A MAN IN THE AUDIENCE: The question was asked, as I entered this
house, "Is it right for women to meet here and intermeddle in our
public affairs?" It is the greatest possible absurdity for women
to stand on that platform and talk of loyalty to a Government in
which nine-tenths of the politicians of the land say they have no
right to interfere, and still oppose Woman's Rights. The very act
of standing there is an endorsement of Woman's Rights.

A VOICE: I believe this is a woman's meeting. Men have no right
to speak here.

THE GENTLEMAN CONTINUED: It is on woman more than on man that the
real evils of this war settle. It is not the soldier on the
battle-field that suffers most; it is the wife, the mother, the
daughter. (Applause. Cries of "Question, question").

A VOICE: You are not a woman, sit down.

SUSAN B. ANTHONY: Some of us who sit upon this platform have many
a time been clamored down, and told that we had no right to
speak, and that we were out of our place in public meetings; far
be it from us, when women assemble, and a man has a thought in
his soul, burning for utterance, to retaliate upon him. (Laughter
and applause).

The resolution was then put to vote.

A VOICE: Allow me to inquire if men have a right to vote on this
question?

THE PRESIDENT: I suppose men who are used to business know that
they should _not_ vote here. We give them the privilege of
speaking.

The resolution was carried by a large majority.

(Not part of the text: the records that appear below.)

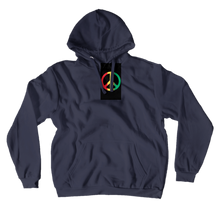 greencracktv Hoodies (No-Zip/Pullover)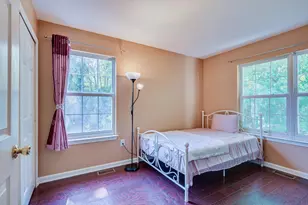 26 Alpine Rd, Holmdel, NJ 07733 - Photo 36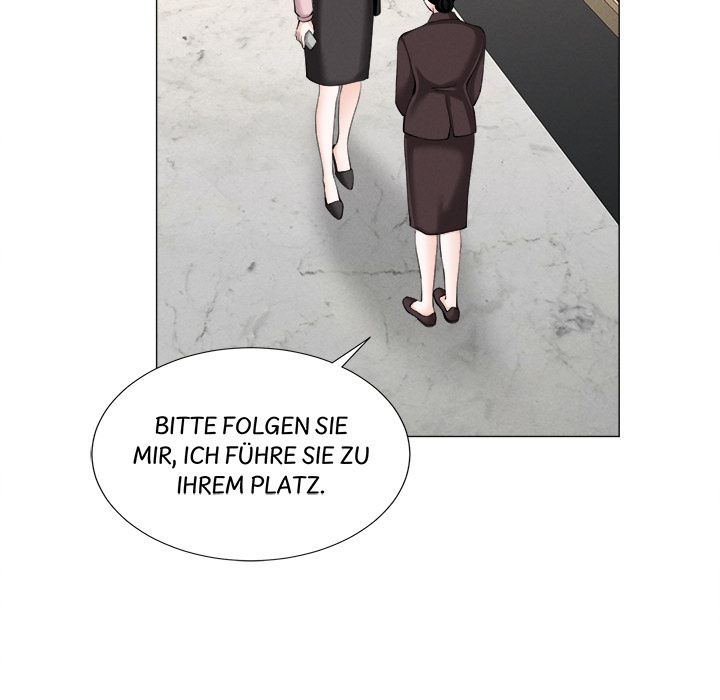 Gefesselt von dir - episode 8 - 112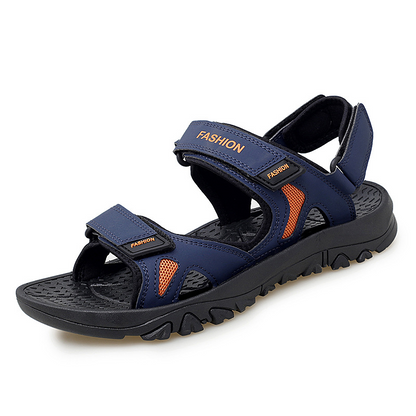 Men's breathable summer sandals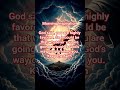 #faithingod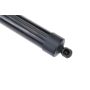 URO Parts LX0822373 Liftgate Lift Support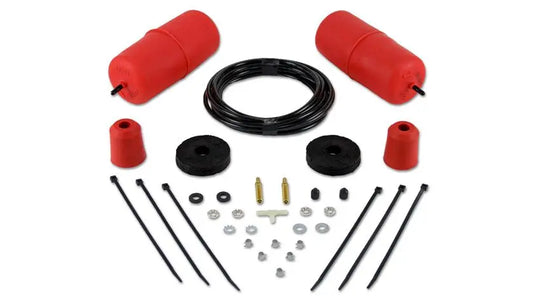 Air Lift 1000 Air Spring Kit - 60724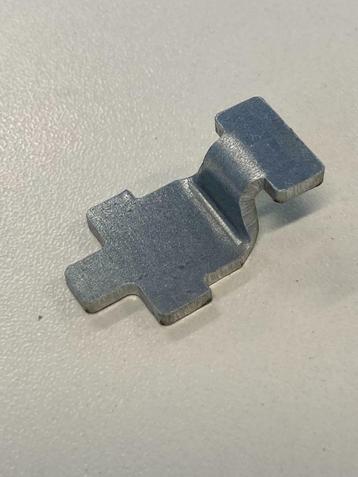 Plankdrager legbordhaak Aspa kasten beschikbaar voor biedingen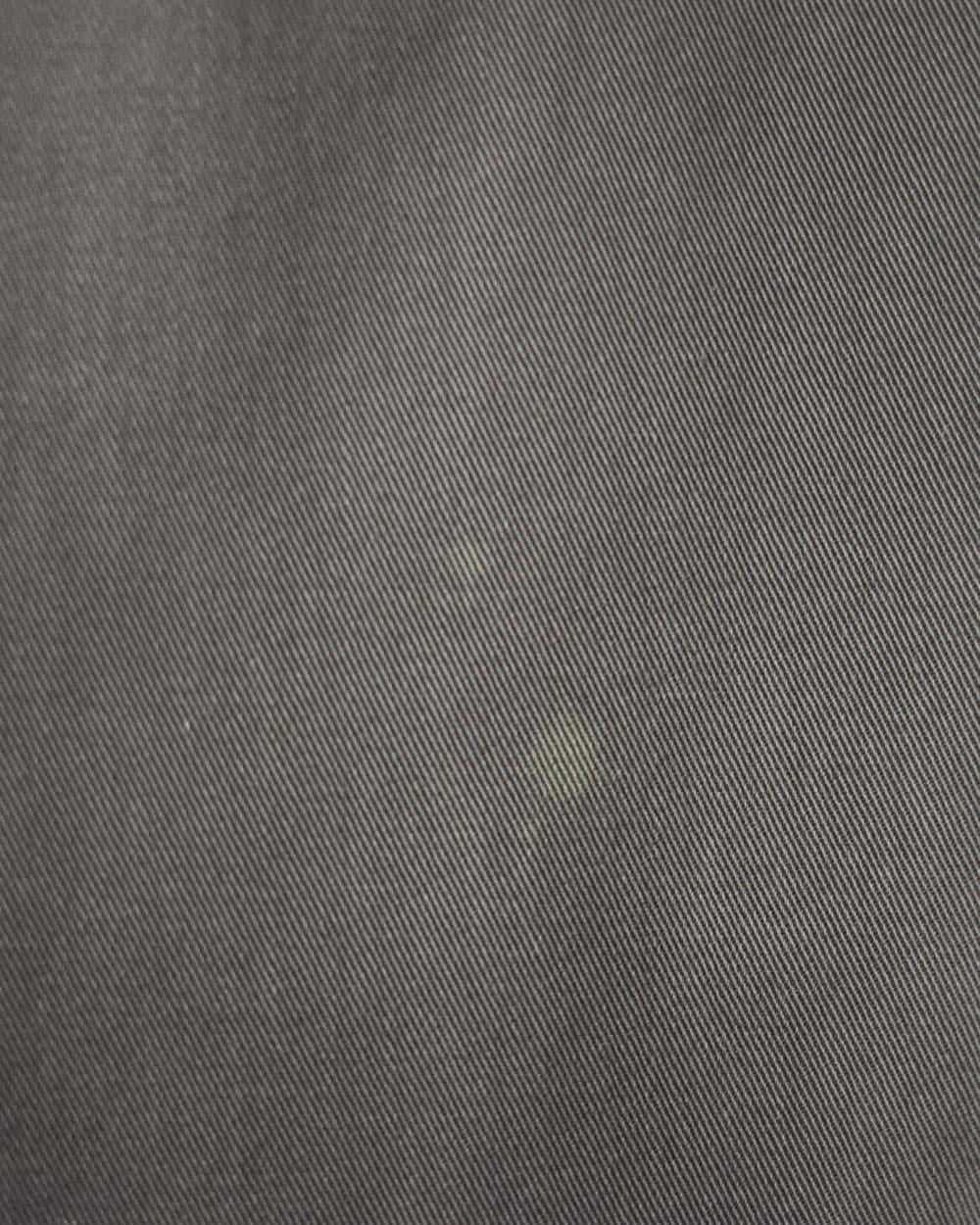 Grey The North Face A5 Series Carpenter Jeans - W38 L32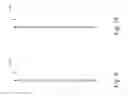 Fig. 09 - Antenna assemblies with antenna elements and reflectors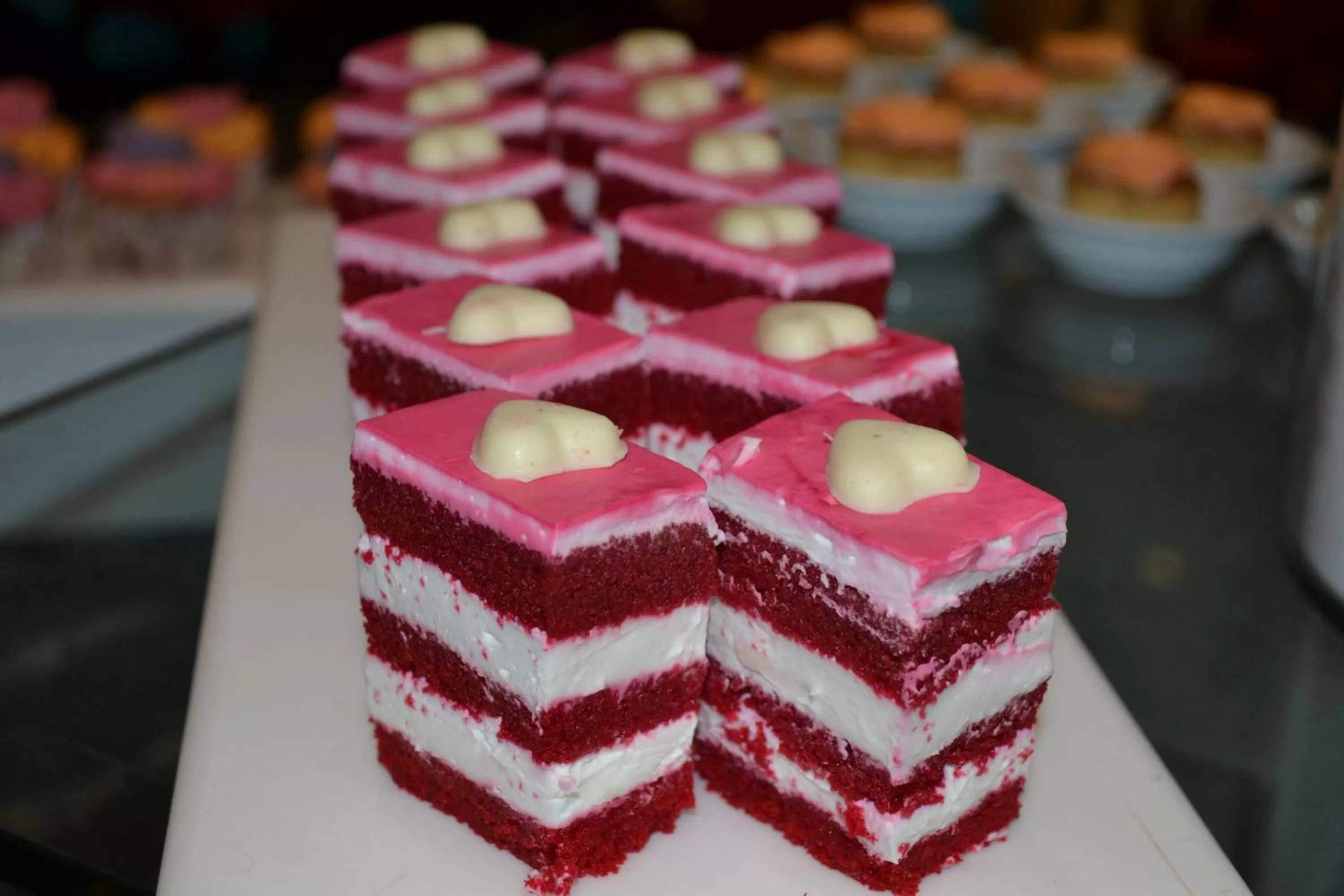 Meals in Courtyard by Marriott Bilaspur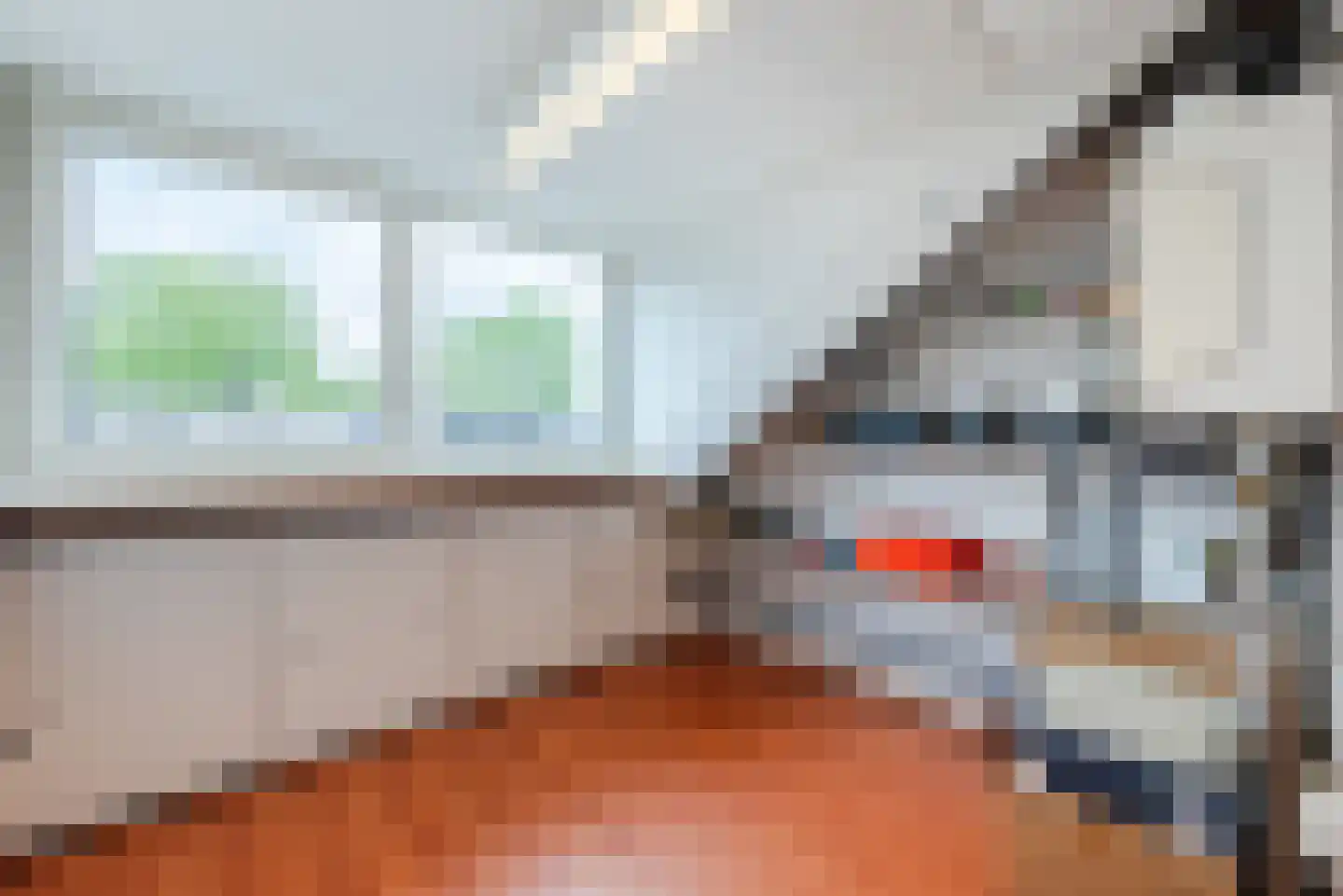 Akeleilaan 15 Waalre thumbnail 28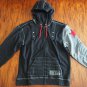 SDCC 2014 Marvel Exclusive Winter Soldier Hoodie - Extremely RARE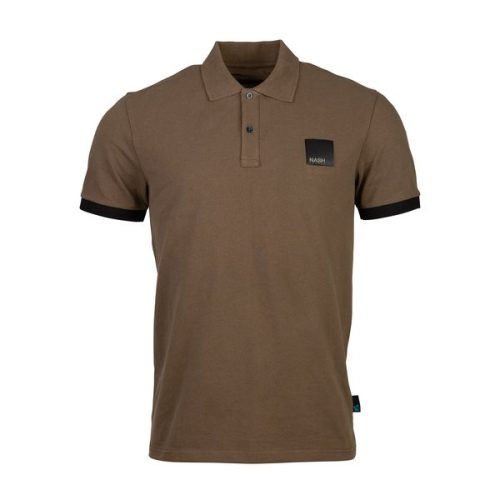 Polo Shirt XXL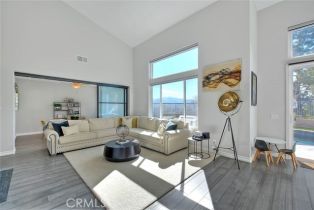 Single Family Residence, 5761 John Bixby ln, Yorba Linda, CA 92887 - 18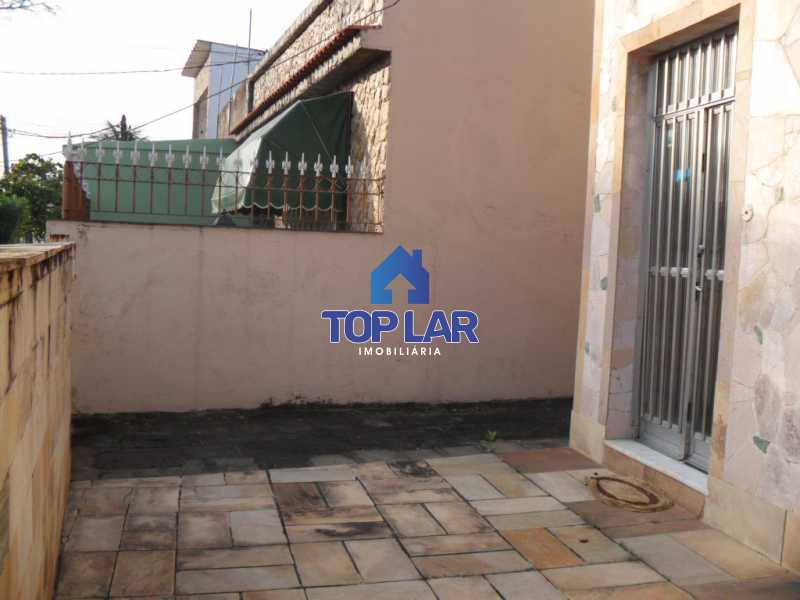 Conheça 03 do imóvel - Terreno 12 x 40, casa duplex, fte rua, 2sls, 5qtos, 2bhs, ótima copa coz., 10gars., qtal 300². (Próx.Cedae) - HACA50002 - 4 03 - Terreno 12 x 40, casa duplex, fte rua, 2sls, 5qtos, 2bhs, ótima copa coz., 10gars., qtal 300². (Próx.Cedae) - HACA50002 - 4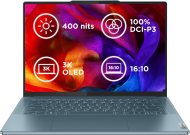 Lenovo Yoga Slim 7 83AA000XCK - cena, srovnání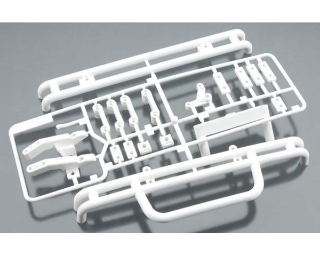 Picture of Tamiya D Parts 58519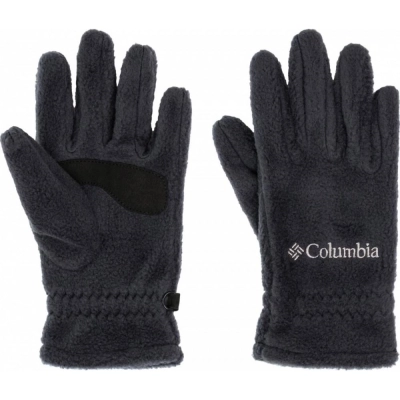 Columbia / Перчатки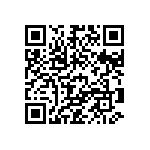 CMF5560R400BHBF QRCode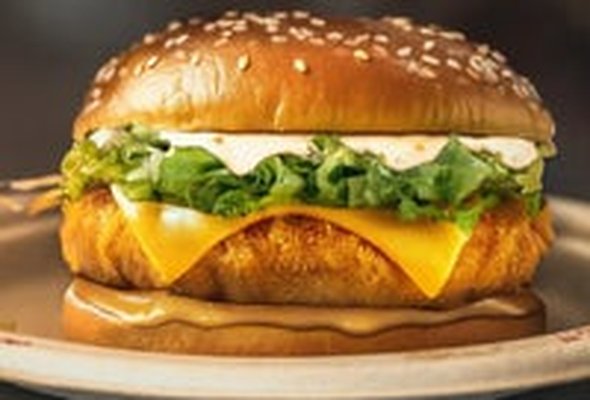 WK وك - Jabriya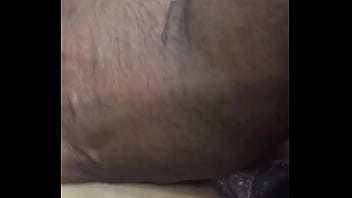 Die schwester meiner frau kam um mir zu sagen dass meine frau eine hure ist und videos gemacht hat Die schwester meiner frau kam um mir zu sagen dass meine frau eine hure ist und videos gemacht hat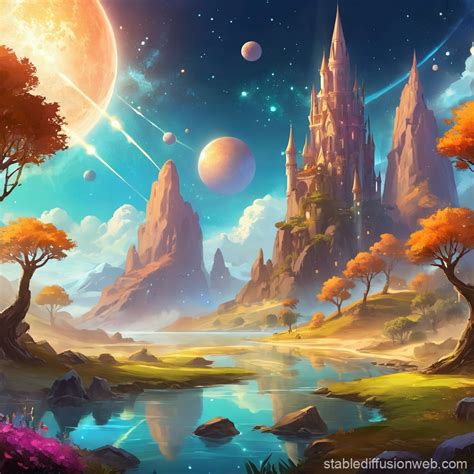 Image result for Game Interface Layout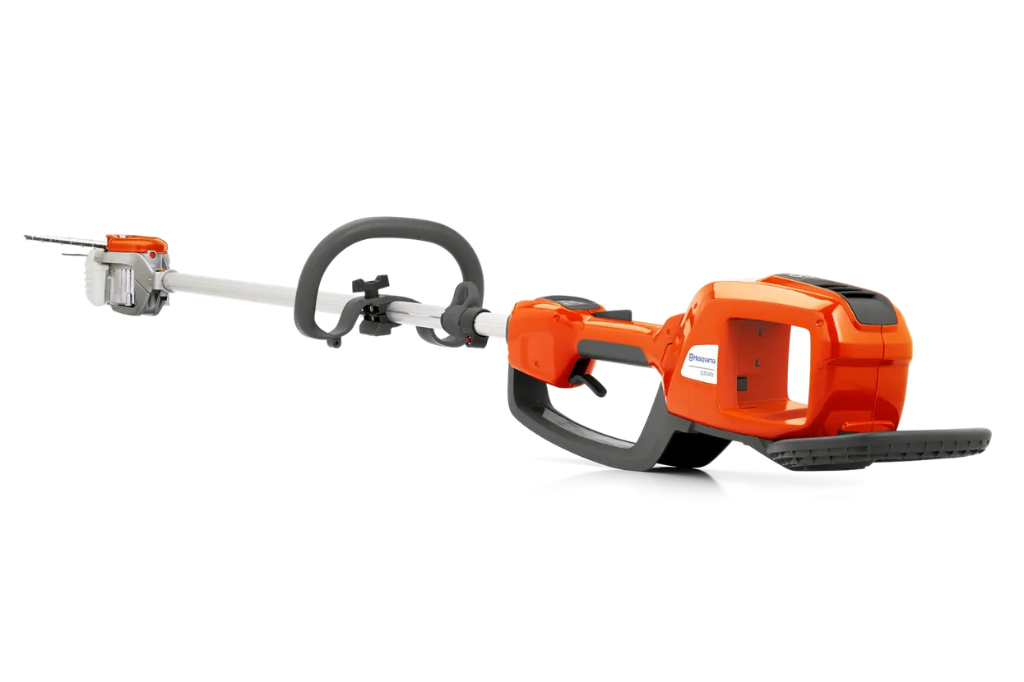 Husqvarna 530iPX.  Art nr: 967 88 51‑02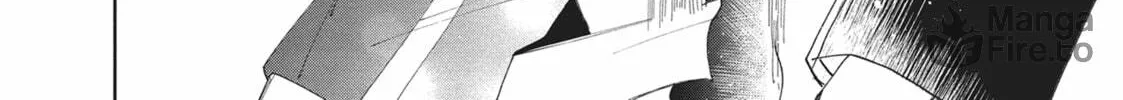 Glasses with a Chance of Delinquent Chapter 12 page 24 - 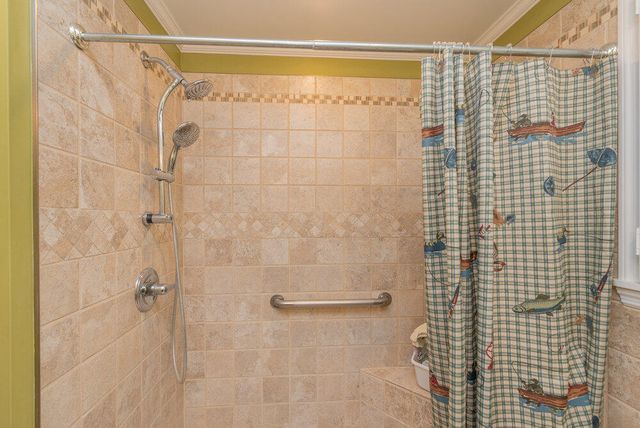 120 Nightingale Street, Barnwell, SC 29812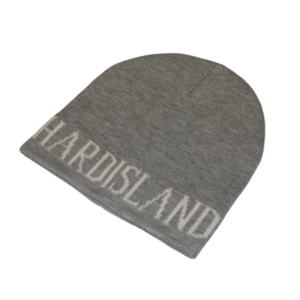 Hardisland Beanie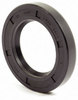 Ford Power Major Seal, PTO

SUSAN B. ANTHONY: The resolution recommending the practical work,
has not yet been prepared. We have a grand platform on which to
stand, and I hope we shall be able to present a plan of work
equally grand. But, Mrs. President, if we should fail in doing
this, we shall not fail to enunciate the principles of democracy
and republicanism which underlie the structure of a free
government. When the heads and hearts of the women of the North
are fully imbued with the true idea, their hands will find a way
to secure its accomplishment.

There is evidently very great earnestness on the part of all
present to settle upon some practical work. I therefore ask that
the women from every State of the Union, who are delegates here
from Loyal Leagues and Aid Societies, shall retire, at the close
of this meeting, to the lecture-room of this church, and there we
will endeavor to fix upon the best possible plan we can gather
from the counsels of the many. I hope this enthusiasm may be
directed to good and legitimate ends, and not allowed to
evaporate into thin air. I hope we shall aid greatly in the
establishment of this Government on the everlasting foundation of
justice to all.


BUSINESS MEETING.

The lecture-room was crowded with representatives from the different
States--Susan B. Anthony in the chair. There was a general expression
in favor of forming a Woman's Loyal National League, which ended in
the adoption of the following resolution:

_Resolved_, That we, loyal women of the nation, assembled in
convention in New York, this 14th day of May, 1863, do hereby
pledge ourselves one to another in a Loyal League, to give
support to the Government in so far as it makes the war for
freedom.

This pledge was signed by nearly every woman present. Mrs. Stanton was
elected president unanimously, and Miss Anthony, Secretary. Many women
spoke ably and eloquently; women who had never before heard their own
voices in a public meeting, discussed nice points of law and
constitution in a manner that would have done credit to any
legislative assembly. A deep religious tone of loyalty to God and
Freedom pervaded the entire meeting.